# What you have to do
Please transcribe exactly the lines from the line holding "TERBARU GAUN CRONOLIN" through the end of the data below, and skip any pictures.

# Data excerpt
BEGIN
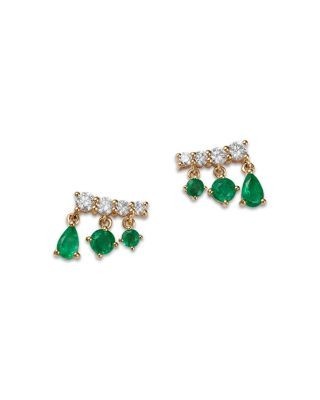 Bloomingdale's Fine Collection Emerald & Diamond Mixed Cut Drop Earrings in 14K Yellow Gold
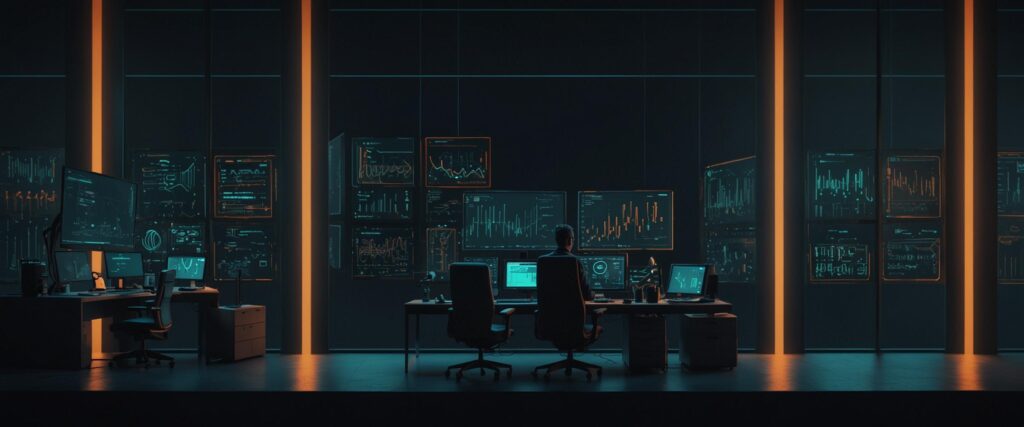 "Dark, futuristic software testing environment with illuminated screens representing autonomous AI testing in a lights-out testing factory."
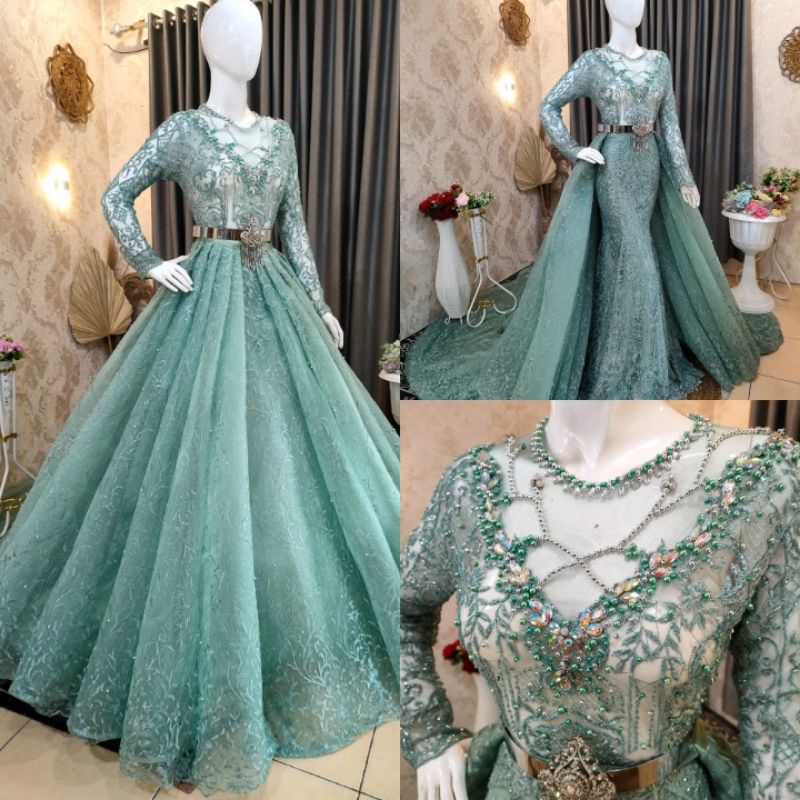 TERBARU GAUN CRONOLIN PENGANTEN 2 IN 1  /BAJU PENGANTIN MODEL TERBARU/GAUN SLIM DRESS/GAUN MODREN /GAUN PENGANTIN BEREKOR/WEDDING DRESS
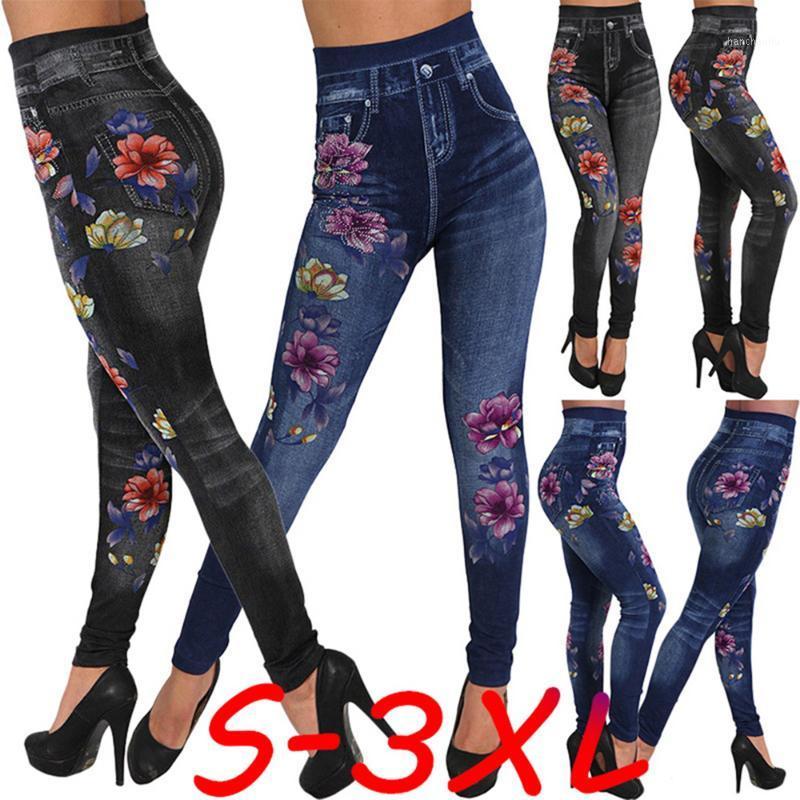 

Vertvie Floral Print Pencil Pants Women' Yoga Leggings Fitness High Waist Imitation Jeans Stretch Capri Pants Tights Slim Hips1, 06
END
# Task answer
 TERBARU GAUN CRONOLIN PENGANTEN 2 IN 1  /BAJU PENGANTIN MODEL TERBARU/GAUN SLIM DRESS/GAUN MODREN /GAUN PENGANTIN BEREKOR/WEDDING DRESS

Vertvie Floral Print Pencil Pants Women' Yoga Leggings Fitness High Waist Imitation Jeans Stretch Capri Pants Tights Slim Hips1, 06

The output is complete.